I. FACTUAL AND PROCEDURAL BACKGROUND.

Appellant is a retired vice-president of a defunct airline named Kodiak Western Alaska Airlines, Inc. (KWA). KWA carried persons, freight and mail from approximately forty bush communities to Kodiak, King Salmon and Dillingham. If a person wanted to travel to Anchorage or anywhere else other than the three mentioned communities, the person had to connect with another airline, usually Wien Alaska Airlines (Wien).

Gifford Aviation Air (Gifford) owned most of KWA’s stock. Gifford, an on-call charter air taxi, flew cargo delivery airplanes.

Appellant began his private career as counsel for a consortium of oil companies called the SAM group, standing for Shell, ARCO and Mobil.
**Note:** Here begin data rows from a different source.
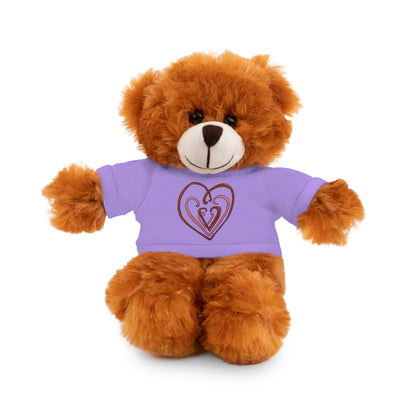 Hearts Intertwined Stuffed Animals with Tee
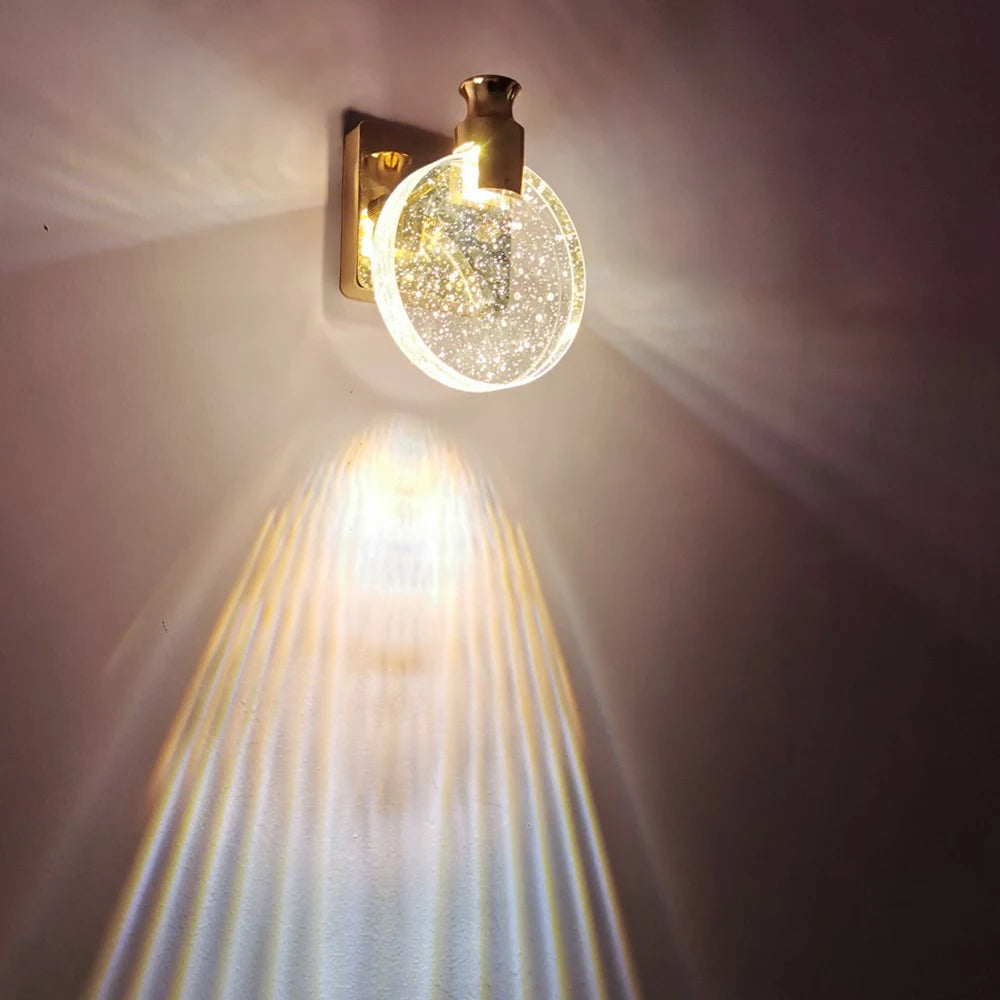 OrbitLux LED Wandlampe | Elegantes Runddesign | Warm- & Kaltweiß | Moderne Beleuchtung für Zuhause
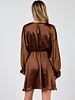 Warm Tea Dolman Long Sleeve Mini Dress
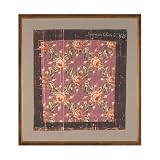 インテリアアート： スザンヌ・キャスラー「FLORAL TEXTILE DESIGN PARIS CA. 1880 (パリの花柄テキスタイルデザイン、1880年頃)」 (SK-0109)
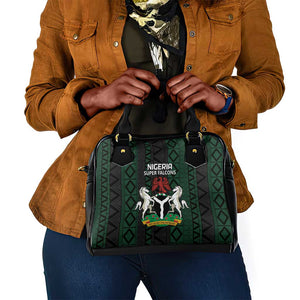 Nigeria Football Shoulder Handbag Go Super Falcons African Pattern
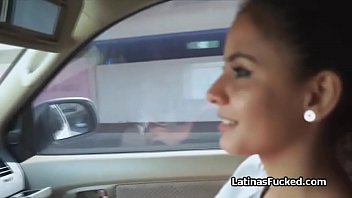 Preview 1 of Heshes Pissing - Latina goes from the airport straight onto a cock
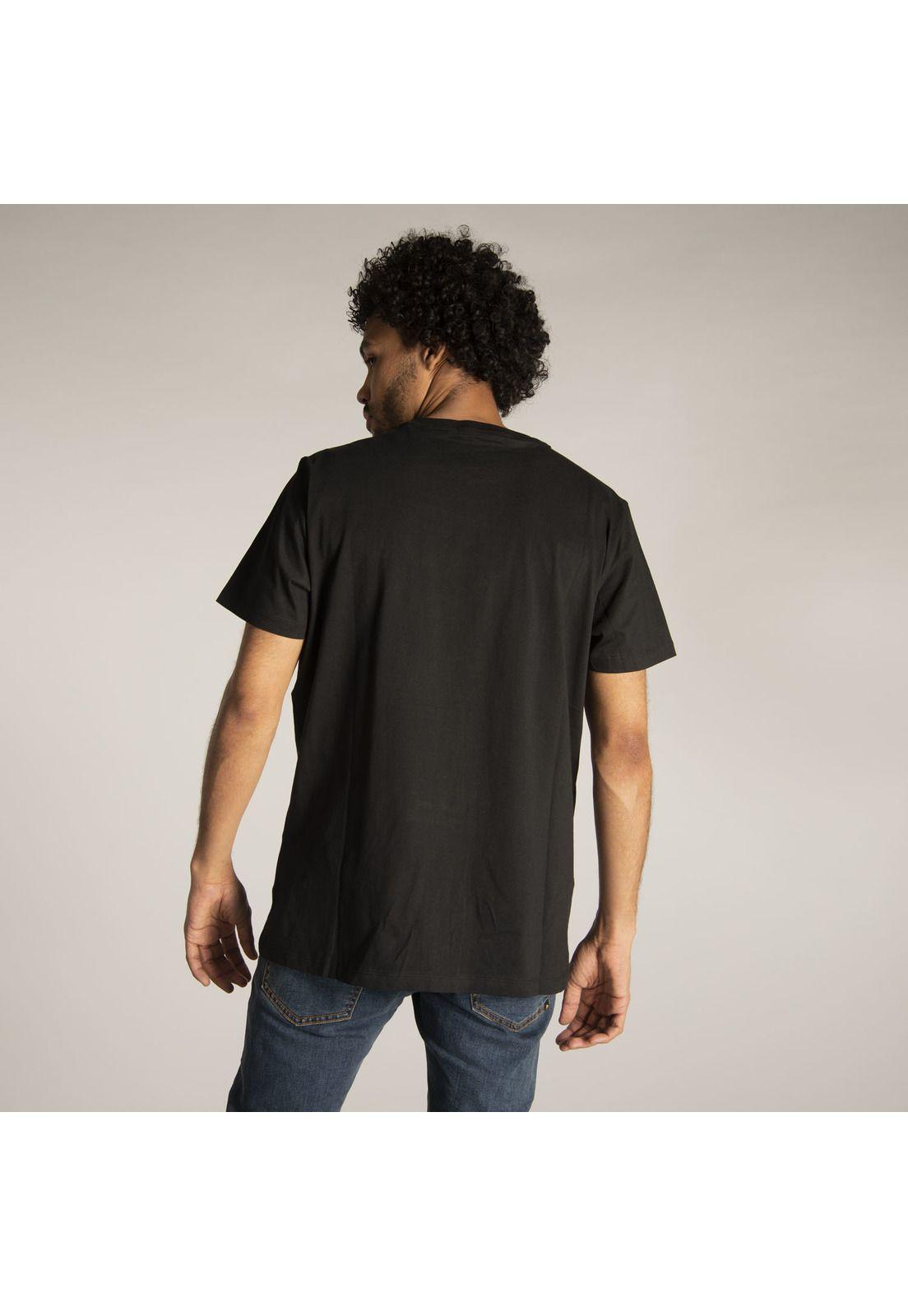 Polera M/C Hombre Caterpillar Logo Tee Negro-2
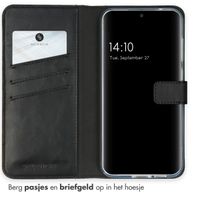 Selencia Echt Leren Bookcase Samsung Galaxy S23 FE - Zwart
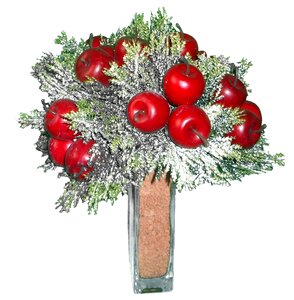 Weihnachtsdeco vase arrangement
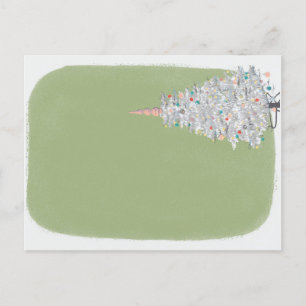 Postal Árbol de Navidad de Tinsel moderno de mediados de 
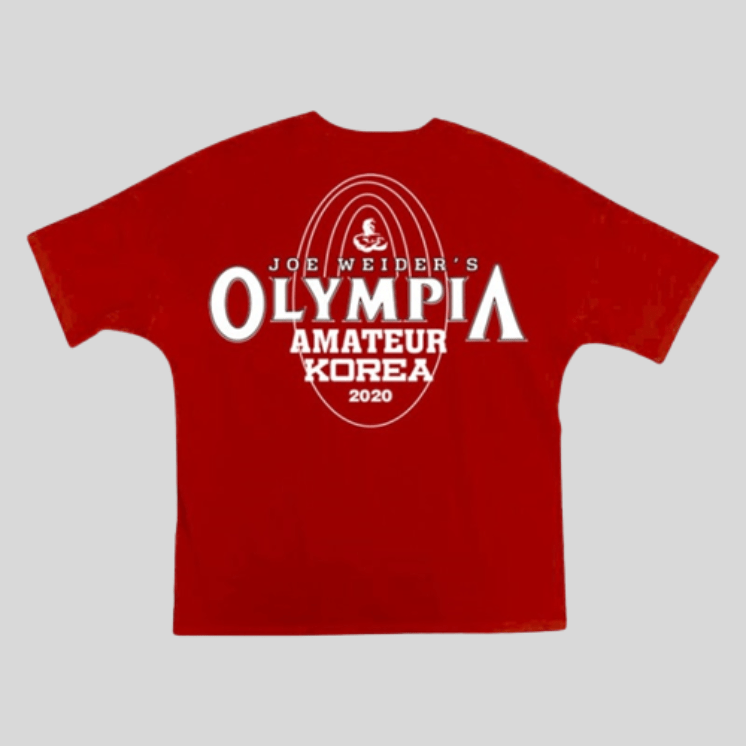 T-shirt Olympia Korea Rouge / M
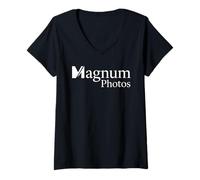 Femme Photos de Magnum T-Shirt avec Col en V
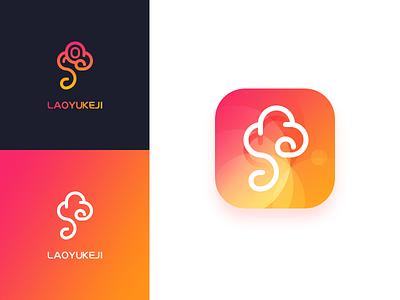 Logo Cloud app branding business clour digital gradient icon lead logo cloud movement trademark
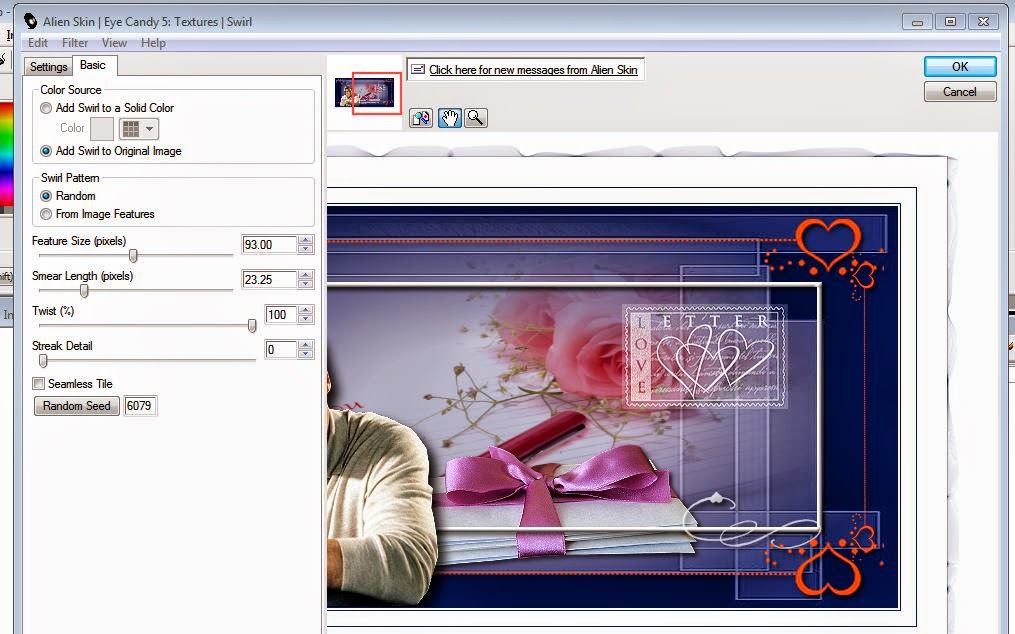 PSP Design: Love letter - New tutorial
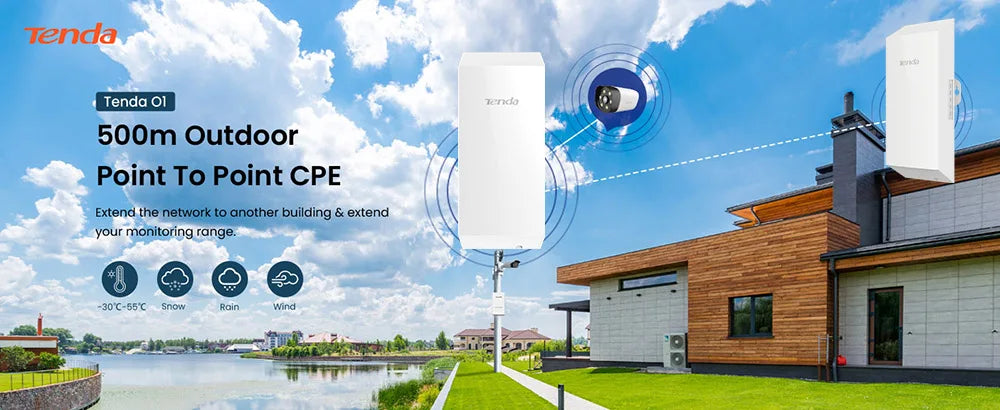 Tenda AX3000 WiFi6 Mesh System EM/MX12 Router 7000 sq.ft.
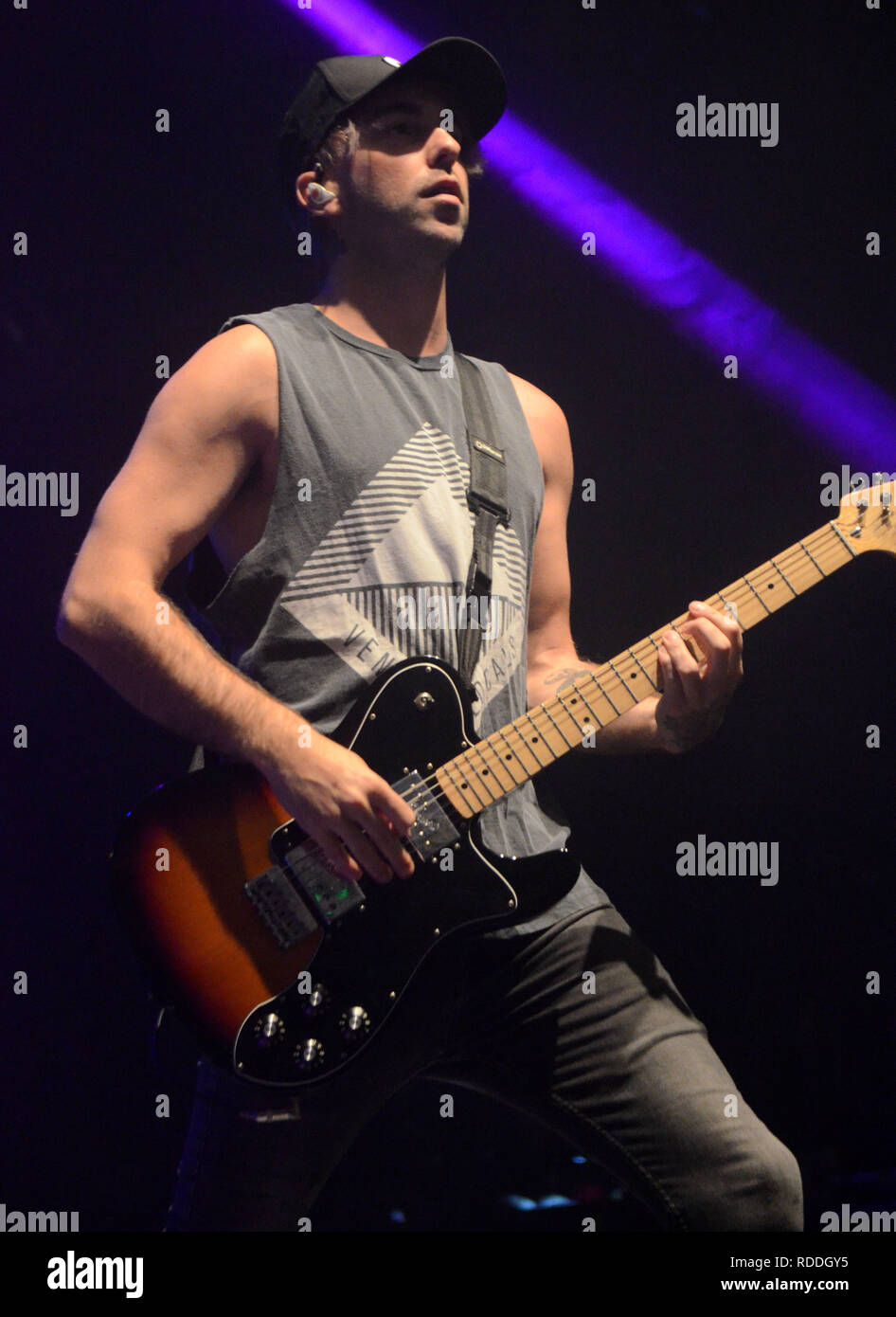Milwaukee, Wisconsin, USA. 22nd Dec, 2018. Lead singer Alex Gaskarth of ...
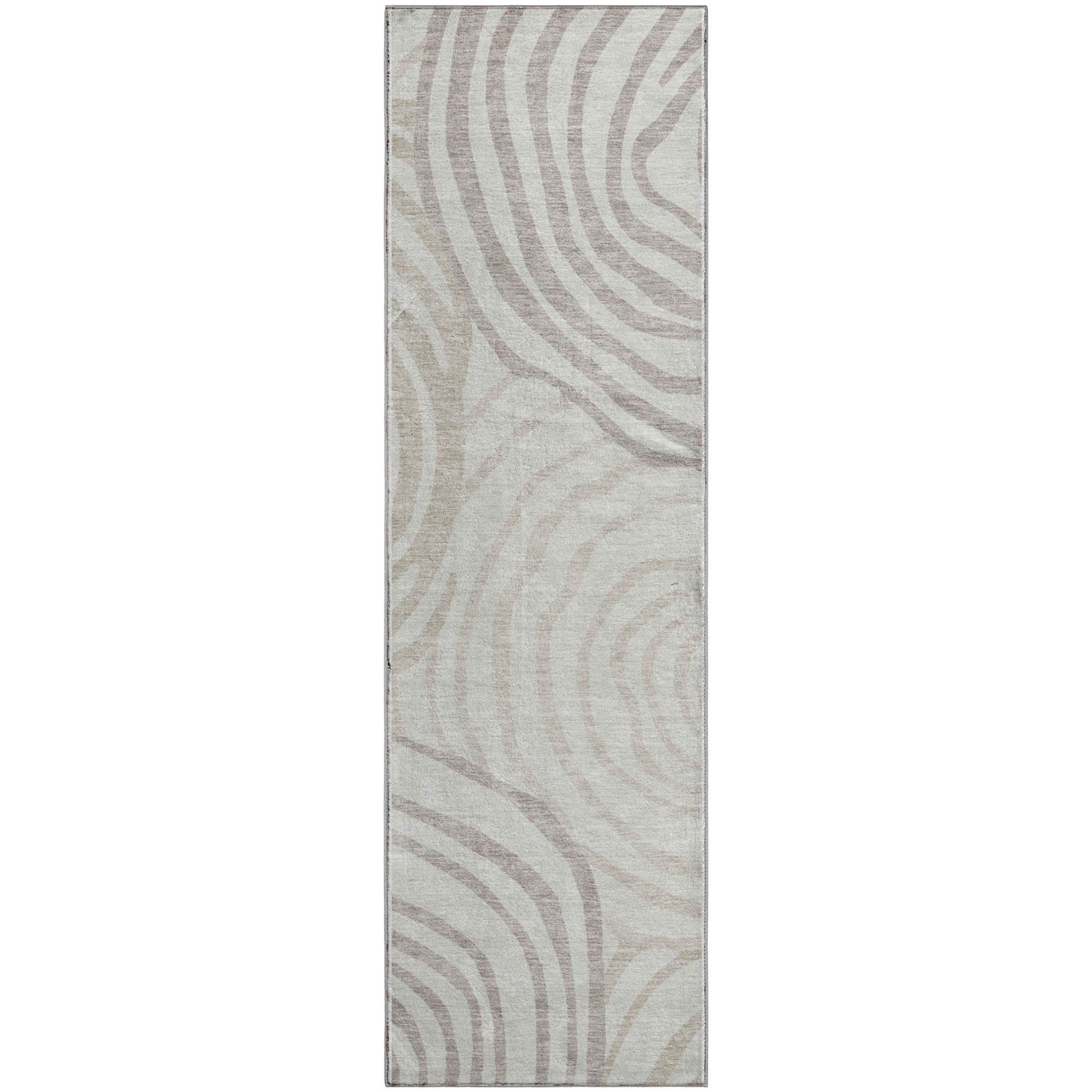 Chiang Mai Machine Washable Transitional Ivory Rug 2'3" x 7'6" #shape_Runner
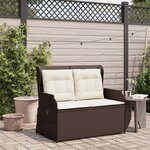 vidaXL Banc de jardin Marron polyrotin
Part of SAM’s off-shore development project involved designing helicopters to explore the Gulf of Alaska. After three years, Appellant practiced law on his own, primarily in aviation. He then became counsel to Wien, a scheduled passenger and cargo carrier at that time, negotiating and granting small bush carriers’ reduced rate agreements and other contracts. He left Wien in 1982, after about three years of employment, and started to work for KWA. He negotiated with KWA’s board of directors to receive travel benefits immediately upon employment.

Part of Appellant’s duties included contracting reduced fare agreements with other airlines. A typical reduced fare agreement gives an airline authority to issue a ticket on another airline at a price less than the published fares. Some airlines declined to enter such an agreement with KWA, while others agreed.

An interline agreement, or baggage and ticket agreement, allows airlines to ticket passengers and transfer baggage on one another’s routes. KWA was not interested in interlining, being a small airline only providing service from three western Alaska communities to the bush. Furthermore, KWA lacked the computer reservation capability and personnel required to interline.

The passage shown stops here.